**Problem description**
At the line with "Озеро Альтенвее (Эльзас).", start transcribing; stop after the last line of the data below. Keep it exact and leave pictures out.

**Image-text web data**
--------------------

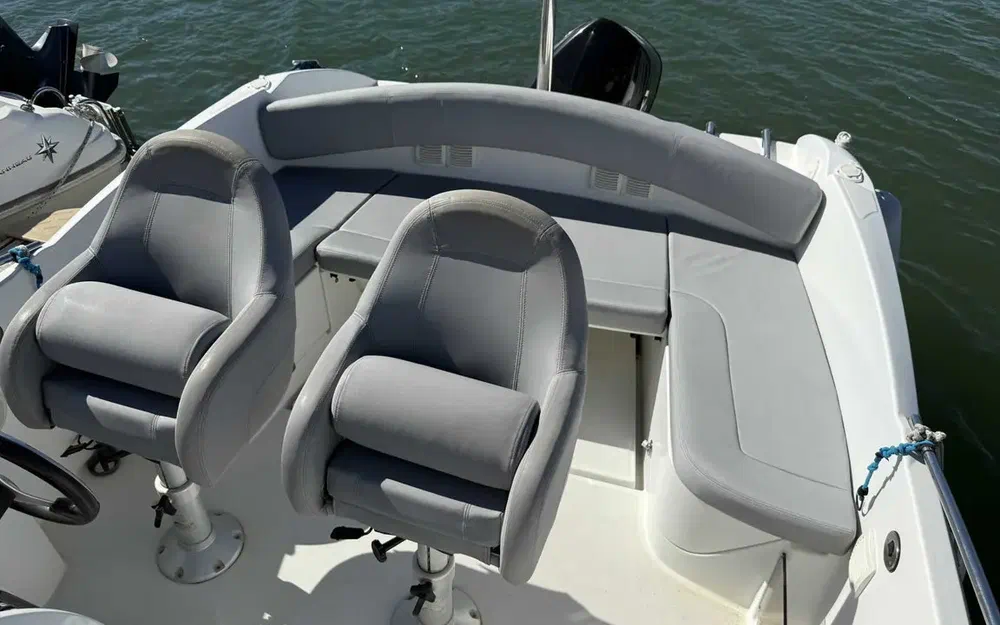 slider 8 Beneteau Flyer 650 Sun Deck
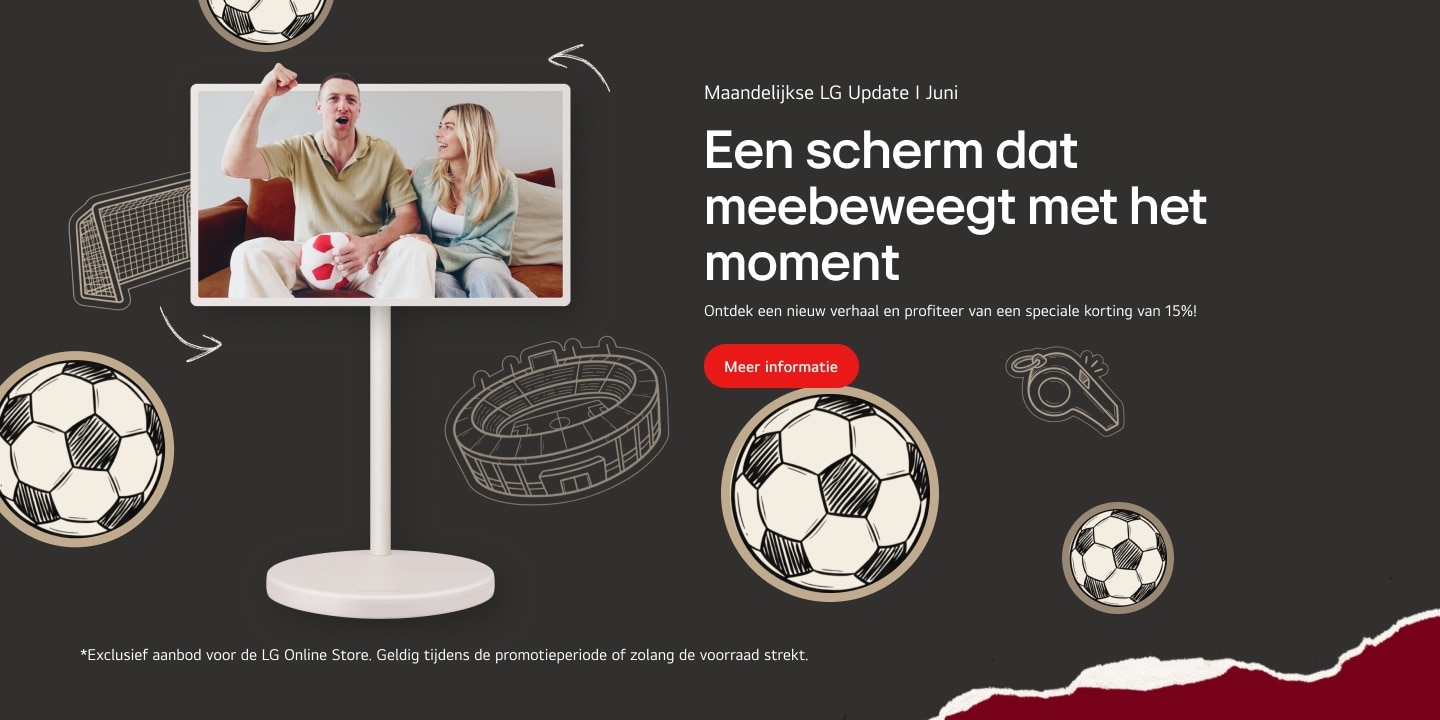 Op het scherm van de StanbyME 2 is een koppel op de bank te zien; de man houdt een pluche voetbal vast en juicht met een gebalde vuist, terwijl de vrouw naast hem glimlacht.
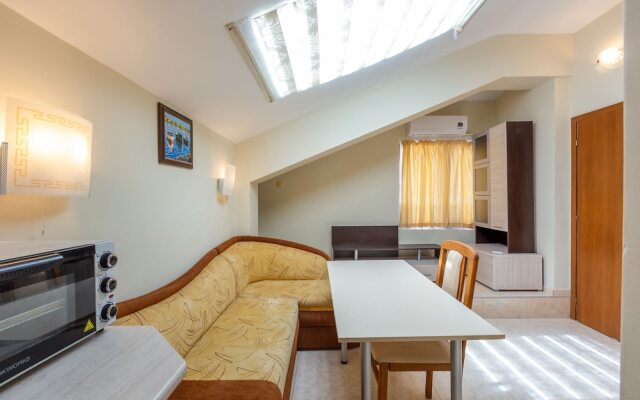 1 Bedroom Apartment in Dafinka Guest House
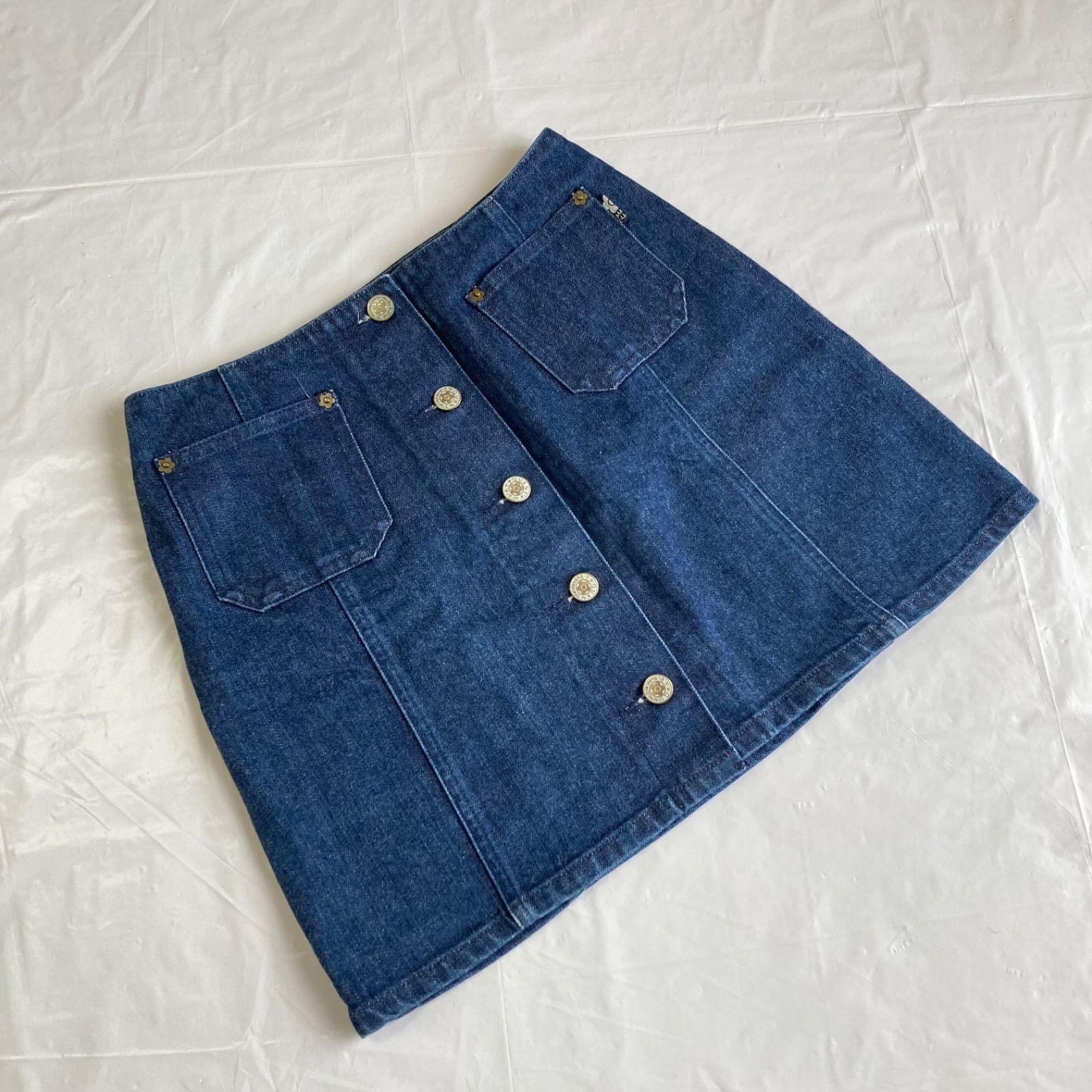 A273 MARYQUANT マリークワントMサイズ コットン 濃ゆい青のデニムスカート前はボタン MARYQUANT マリークワント 黒 シースルーフード付きパーカー透け感あり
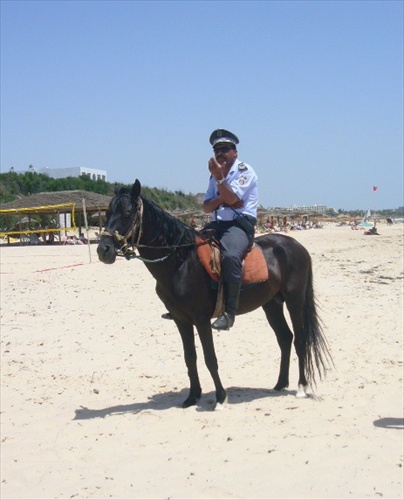 Karabinier na pláži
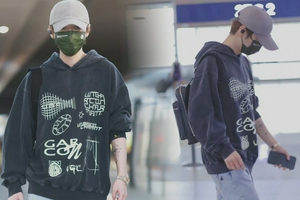 鹿晗穿卫衣牛仔裤撸袖子露新纹身超吸睛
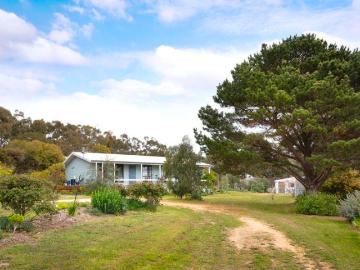 Private and elevated home with studio conversion on 2430sqm 0.60 Acre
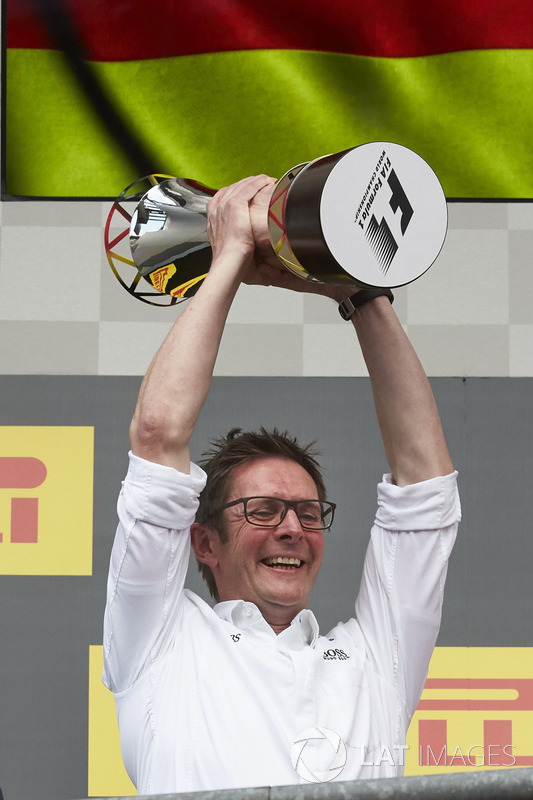 Podium: Andrew Shovlin, Chief Race Engineer, Mercedes AMG F1, collects the Constructors trophy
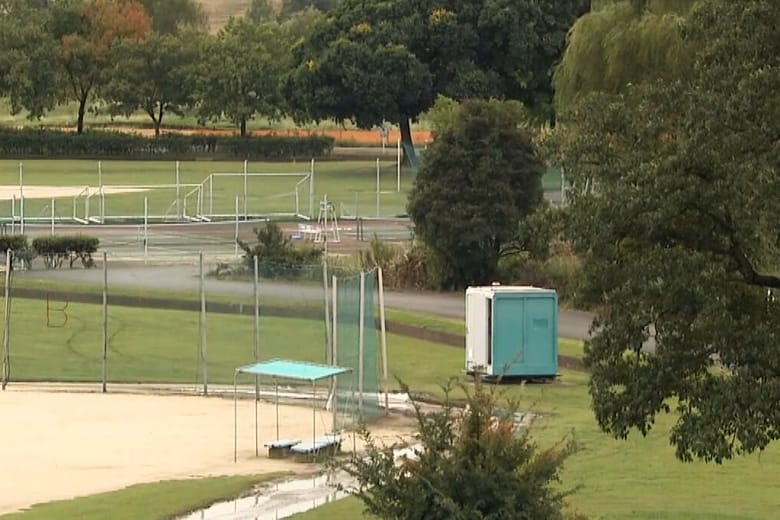 事件のあった公園のトイレ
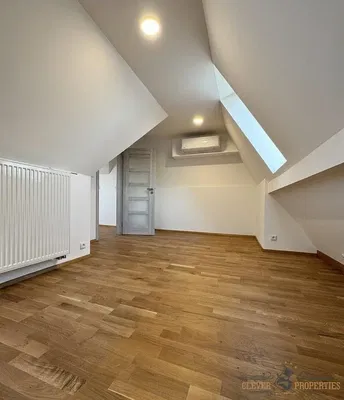 Chambre d'enfant; parquet, lumière naturelle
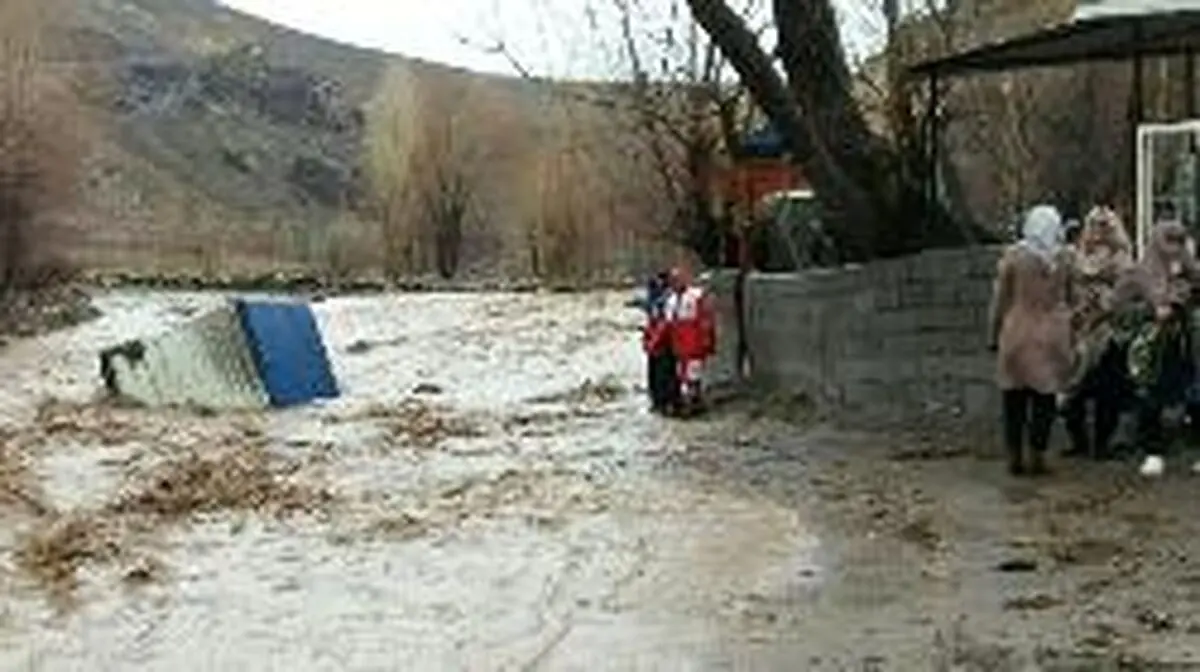 امدادرسانی به بیش از ۲ هزار تن در سیل و آبگرفتگی ۱۵ استان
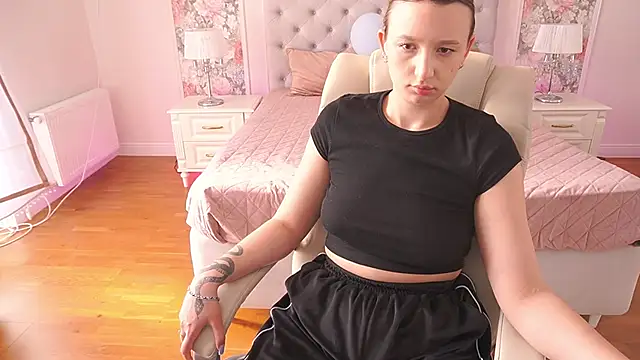 LioraFox webcam
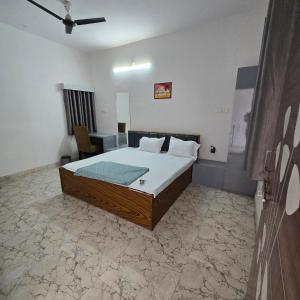 Un pat sau paturi într-o cameră la Leela home stay - Single room with washroom +3 fotografii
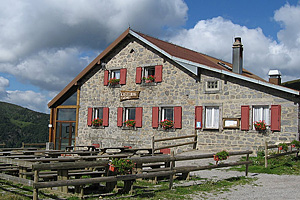 Озеро Альтенвее (Эльзас). Кафе Auberge du Kastelberg    (Эльзас)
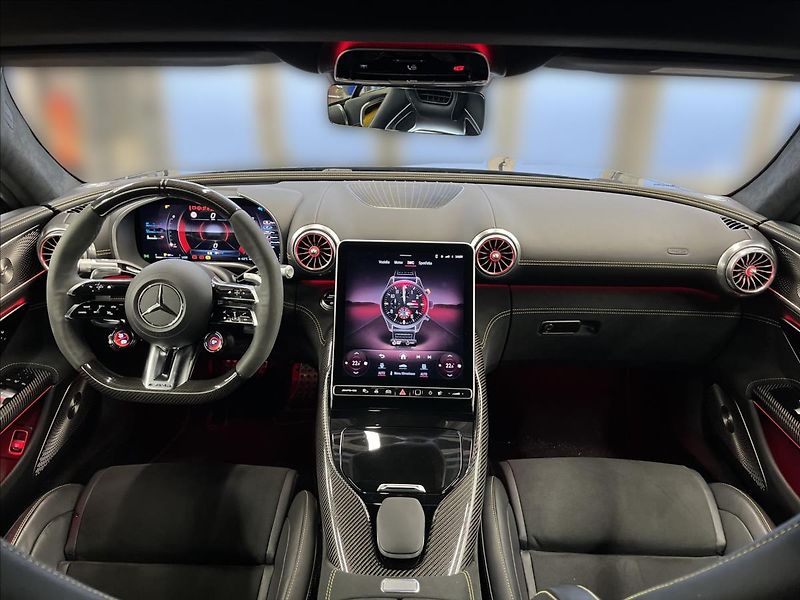 Mercedes-Benz SL Mercedes-AMG 63 4MATIC+ - fotka 13 z 24
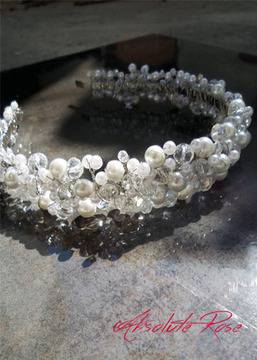 Новата колекция корони и аксесоари за коса на AbsoluteRose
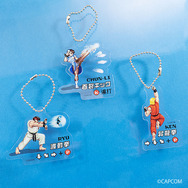 懐かしい…『スト2』春麗たちの技とコマンドがキーホルダーに！『ストリートファイター』シリーズの歴代ロゴステッカーや『スト6』グッズがDAISOにて販売中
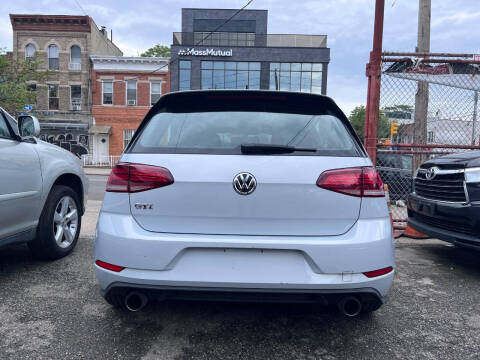 2018 Volkswagen Golf GTI S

--------------------

**Worked solution**
 Озеро Альтенвее (Эльзас). Кафе Auberge du Kastelberg    (Эльзас)
 Mercedes-Benz SL Mercedes-AMG 63 4MATIC+ - fotka 13 z 24
 Новата колекция корони и аксесоари за коса на AbsoluteRose
 懐かしい…『スト2』春麗たちの技とコマンドがキーホルダーに！『ストリートファイター』シリーズの歴代ロゴステッカーや『スト6』グッズがDAISOにて販売中
 2018 Volkswagen Golf GTI S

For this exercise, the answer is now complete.